Первое издание Великой депрессии породило фашизм и мировую войну, но оно также породило народные фронты, революцию в Испании, антиколониальные выступления в Индии и массовый подъем левого движения, которое поставило под вопрос само существование капитализма. Разумеется, сталинский СССР вместе с западной социал-демократией серьезно способствовали тому, чтобы этот кризис, в конце концов, нашел себе реформистское, а не революционное разрешение. Но сегодня уже нет ни Советского Союза, ни социал-демократии в том смысле, в каком она существовала на протяжении большей части ХХ века (исторические названия партий говорят об их политике не больше, чем древние племенные имена Бельгии, Иберии или Венеции об их сегодняшнем населении).
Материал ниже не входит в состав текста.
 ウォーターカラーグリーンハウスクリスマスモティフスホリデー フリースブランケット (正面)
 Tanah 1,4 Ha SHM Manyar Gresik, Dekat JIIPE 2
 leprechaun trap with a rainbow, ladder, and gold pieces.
Отсутствие вменяемой левой альтернативы - тоже одно из последствий многолетнего невнимания к историческим урокам. Неготовность общества к кризису на всех уровнях гарантирует, что он будет затяжным и мучительным. И призраки прошлого получат достаточно шансов, чтобы материализоваться.
И, увы, шансов увидеть колонны нацистских штурмовиков, марширующих по улицам европейских (и российских) городов, куда больше, чем надежд на то, что мы в один прекрасный день обнаружим Кинг Конга, вновь карабкающегося по этажам Эмпайр стейт билдинг.
Антиуспех
Питер де Хоох. Голландская семья. Ок. 1660
Английское словечко «лузер», традиционно переводившееся на русский язык как «неудачник», в 1990-е годы неожиданно превратилось в один из главных идеологических символов эпохи. Таковым оно, несмотря на некоторые колебания конъюнктуры, оставалось и в следующее десятилетие, быть может для того, чтобы окончательно утратить заложенный в него идеологический смысл на фоне кризисных потрясений, наступивших в 2008 году.
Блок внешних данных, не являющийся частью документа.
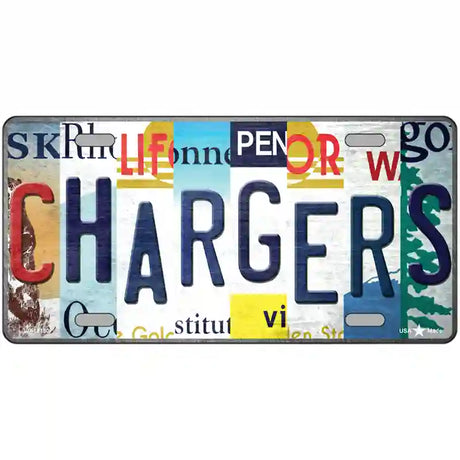 Chargers Strip Art Novelty Metal License Plate Tag 24" x 12" (LLP)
Появление нового слова всегда отражает новые явления. И если у нас был в очередной раз востребован иностранный термин, то именно потому, что с обществом происходило нечто непривычное, не описываемое нашей традиционной речью. Другое дело, что в отечественной реальности английское слово приобрело новый смысл, лишь частично совпадающий с тем, который оно имело в собственном языке.
Смысл термина был сугубо и принципиально идеологическим. И, как ни парадоксально, относился он не столько к тем, кто в ходе реформ 1990-х годов проиграл, потерпел неудачу, а напротив, скорее отражал мироощущение победителей. Или, вернее, тех, кто на данный конкретный момент мнил себя победителями.
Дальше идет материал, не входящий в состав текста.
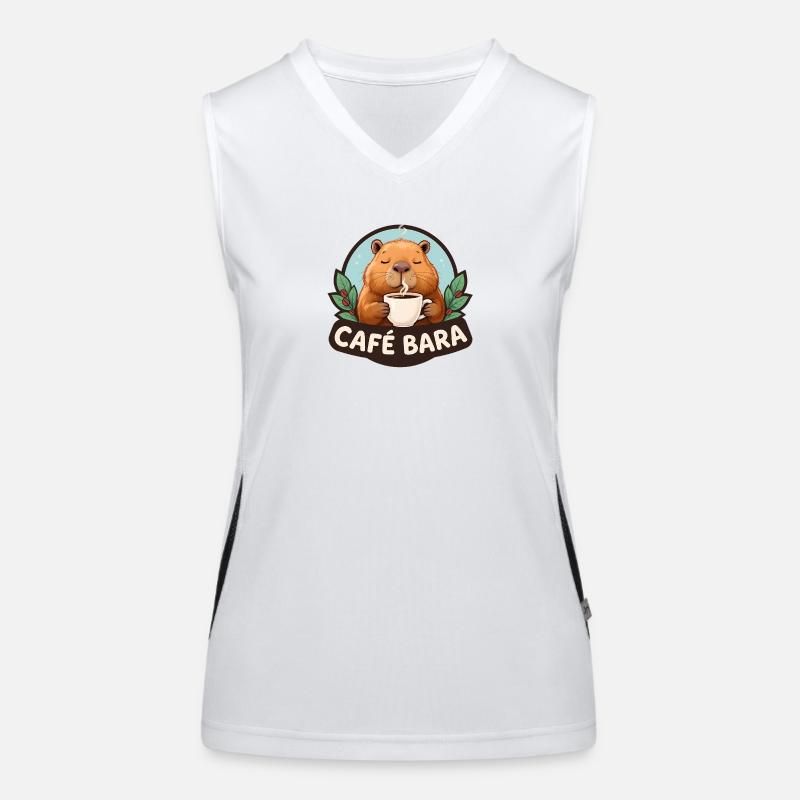 Café Bara - Funny Capybara T-Shirt Women's Functional Contrast Tank Top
Задача состояла не в том, чтобы описать поражение, а в том, чтобы морально, культурно и психологически обосновать победу. Эта победа, успех, материальное торжество должно было не просто утвердить себя, но и доказать свою закономерность, необходимость и правильность. И именно здесь возникала проблема: критерии успеха, принятые обществом 1990-х годов, разительно не совпадали не только с прежней советской системой ценностей, но и с традиционными представлениями, существовавшими в русской культуре. Хуже того, они находились в разительном противоречии с так называемой «протестантской этикой» Запада.
В свое время Макс Вебер очень убедительно показал, что смысл протестантской этики не в восхвалении богатства и успеха любой ценой, а наоборот, в их ограничении, подчинении определенным правилам и требованиям. Именно поэтому успех в протестантской культуре скромен до ханжества, а богатство подчинено неумолимой логике накопления капитала. Это служение капитализму, требующее сдержанности и самоотречения, отнюдь не вызывало сочувствия в постсоветском обществе, воспринимавшем рынок исключительно через призму потребления и наслаждения. С другой стороны, протестантская этика капитализма делает понятия богатства и успеха неотделимыми от понятия труда - нечто глубоко отвратительное и принципиально неприемлемое для новых элит, которые формировали свою идеологию за счет отрицания советских ценностей, тоже ориентированных на решающую роль труда (и, кстати, парадоксальным образом, схожих с «протестантской этикой» Вебера).
Короче, успех должен был оправдываться не трудом, скромностью и воздержанием, а чем-то другим. Например, неудачей других.